The NSGP provides for grants to nonprofits deemed at risk of terrorist (or violent extremist) attack, to acquire and install physical security enhancements, conduct preparedness planning, training and exercises, and contract security personnel. The program has improved efforts to keep at-risk nonprofit organizations safe by promoting emergency preparedness coordination and collaboration between public and private community representatives as well as state and local government agencies. According to FEMA1, the following are just a few examples of the effectiveness of NSGP:
• During a shooting on the street next to a Jewish family services agency in Denver, the agency was struck on two sides of the building with bullets impacting windows. The agency used NSGP funds to put impact resistant film on exterior windows and glass doors. This impact resistant filming stopped two bullets from penetrating the building during this incident.
• A Community Center/Federation operates at two locations in Tampa, FL and has approximately 20,000 combined visitors daily. They provide services such as an assisted living facility, preschool, after school care, summer camp, senior programs, an event center, city-operated art center, and much more. The security camera system has provided evidence to local law enforcement on numerous occasions to help apprehend vandals, violent attackers, hate crime participants, etc. This resource has helped build a much stronger relationship with the local law enforcement agencies. The grant recipient also cites their ability to respond to threats quickly and efficiently also serves a deterrent to potential attackers and criminals.
• A synagogue in Columbus, Ohio used NSGP funds to put shatterproof film on windows and doors and hire a special duty officer. The film on their front door helped deny entry to an attacker and law enforcement responded immediately because they were already on-site protecting worshipers and preschoolers.

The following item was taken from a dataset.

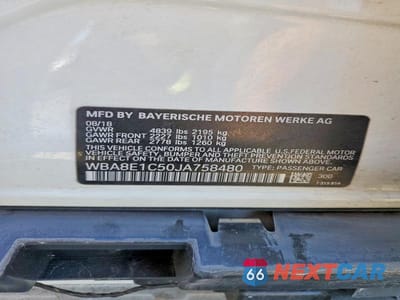 Zdjęcie 13 z 13 samochodu: 2018 BMW 330E VIN:WBA8E1C50JA758480 - miniatura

• An education institution in Houston, TX had an incident where someone was sitting on the fence by one of the early childhood playgrounds and was threatening to enter. School administrators were able to see this activity on the security cameras and alert the authorities when he refused to move. The cameras also allowed the school administrators to see that the individual returned a few hours later, and were then also able to handle appropriately. Access controls have also been key to school security. It has happened several times that strange vehicles try to enter the school’s parking lot for unknown reasons, and the vehicle gates remain closed until the school ascertains why anyone is requesting entrance.
• During an armed hostage crisis at a Colleyville, TX synagogue, a surveillance camera system the synagogue upgraded through a NSGP grant was critical to law enforcement as the video coverage gave the decision makers, the negotiators, and others general situational awareness before they subdued the terrorist and rescued the hostages.
These examples illustrate the critical security upgrades being provided to meet the persistent threat of lethal violence and acts of terror against faith- and community-based institutions in the United States, which have been threatened, burned, bombed, and hit with gunfire. For these reasons, I respectfully encourage you to appropriately fund the NSGP, so our nation can do all that it can to protect at-risk faith- and community- based nonprofits from increasing extremist and hate-motivated threats.